Directions -
For every line in the entries that contains "create", show the whole line.

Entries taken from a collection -

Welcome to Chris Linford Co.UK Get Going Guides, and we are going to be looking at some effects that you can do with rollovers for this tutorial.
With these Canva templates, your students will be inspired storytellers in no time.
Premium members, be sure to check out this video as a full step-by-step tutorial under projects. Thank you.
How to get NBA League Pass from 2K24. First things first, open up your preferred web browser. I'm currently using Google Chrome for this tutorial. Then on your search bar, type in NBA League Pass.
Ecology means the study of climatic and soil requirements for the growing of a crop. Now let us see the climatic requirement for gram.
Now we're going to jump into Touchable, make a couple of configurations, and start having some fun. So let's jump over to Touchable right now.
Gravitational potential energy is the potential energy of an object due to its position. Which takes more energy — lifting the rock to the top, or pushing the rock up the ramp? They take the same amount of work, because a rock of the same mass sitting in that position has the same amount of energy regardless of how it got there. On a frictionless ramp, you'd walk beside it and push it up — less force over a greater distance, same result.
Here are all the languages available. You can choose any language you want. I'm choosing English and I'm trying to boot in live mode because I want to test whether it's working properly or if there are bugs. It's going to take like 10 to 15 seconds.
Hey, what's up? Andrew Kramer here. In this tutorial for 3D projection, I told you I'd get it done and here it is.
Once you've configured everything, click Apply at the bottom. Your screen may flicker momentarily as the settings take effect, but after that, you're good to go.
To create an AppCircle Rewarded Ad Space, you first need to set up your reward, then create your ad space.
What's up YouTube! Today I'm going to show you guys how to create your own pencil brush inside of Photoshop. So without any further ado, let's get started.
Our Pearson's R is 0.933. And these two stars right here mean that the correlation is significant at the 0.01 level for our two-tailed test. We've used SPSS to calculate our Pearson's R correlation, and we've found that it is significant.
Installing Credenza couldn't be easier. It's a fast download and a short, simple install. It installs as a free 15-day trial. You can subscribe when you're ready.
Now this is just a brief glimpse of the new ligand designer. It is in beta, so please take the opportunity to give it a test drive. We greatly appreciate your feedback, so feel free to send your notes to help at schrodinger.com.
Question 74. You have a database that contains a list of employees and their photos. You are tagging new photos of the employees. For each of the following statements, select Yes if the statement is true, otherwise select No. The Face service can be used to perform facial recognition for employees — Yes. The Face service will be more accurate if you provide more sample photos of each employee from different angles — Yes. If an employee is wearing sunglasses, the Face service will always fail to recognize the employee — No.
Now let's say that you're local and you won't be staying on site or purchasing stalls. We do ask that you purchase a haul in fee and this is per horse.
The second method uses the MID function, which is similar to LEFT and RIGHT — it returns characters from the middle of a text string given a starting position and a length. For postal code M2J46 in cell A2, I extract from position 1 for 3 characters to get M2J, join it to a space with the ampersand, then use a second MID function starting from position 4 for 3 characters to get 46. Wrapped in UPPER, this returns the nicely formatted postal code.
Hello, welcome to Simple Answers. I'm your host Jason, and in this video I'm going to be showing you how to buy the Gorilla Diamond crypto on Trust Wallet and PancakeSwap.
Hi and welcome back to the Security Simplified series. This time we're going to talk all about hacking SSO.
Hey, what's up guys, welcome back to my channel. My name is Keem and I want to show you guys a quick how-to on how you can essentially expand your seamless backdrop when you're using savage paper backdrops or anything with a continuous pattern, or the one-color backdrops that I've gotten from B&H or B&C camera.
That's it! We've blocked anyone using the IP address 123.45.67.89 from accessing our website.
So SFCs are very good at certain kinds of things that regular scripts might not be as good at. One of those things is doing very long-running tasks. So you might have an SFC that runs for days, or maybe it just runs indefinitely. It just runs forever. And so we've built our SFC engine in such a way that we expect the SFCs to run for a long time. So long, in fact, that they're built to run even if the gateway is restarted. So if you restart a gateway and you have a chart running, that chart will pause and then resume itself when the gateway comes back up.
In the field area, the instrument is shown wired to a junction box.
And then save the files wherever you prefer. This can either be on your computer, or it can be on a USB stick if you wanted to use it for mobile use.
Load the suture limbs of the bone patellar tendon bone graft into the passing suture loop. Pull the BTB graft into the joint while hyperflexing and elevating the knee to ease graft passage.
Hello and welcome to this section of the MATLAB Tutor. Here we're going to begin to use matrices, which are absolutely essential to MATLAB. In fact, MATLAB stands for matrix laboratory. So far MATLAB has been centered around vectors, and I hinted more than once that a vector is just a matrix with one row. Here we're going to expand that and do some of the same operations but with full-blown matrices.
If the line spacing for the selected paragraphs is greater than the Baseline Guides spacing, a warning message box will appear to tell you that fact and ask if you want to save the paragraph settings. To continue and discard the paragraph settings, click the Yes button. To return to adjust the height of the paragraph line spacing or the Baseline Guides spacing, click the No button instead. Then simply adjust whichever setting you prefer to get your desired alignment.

Written answer -
To create an AppCircle Rewarded Ad Space, you first need to set up your reward, then create your ad space.
What's up YouTube! Today I'm going to show you guys how to create your own pencil brush inside of Photoshop. So without any further ado, let's get started.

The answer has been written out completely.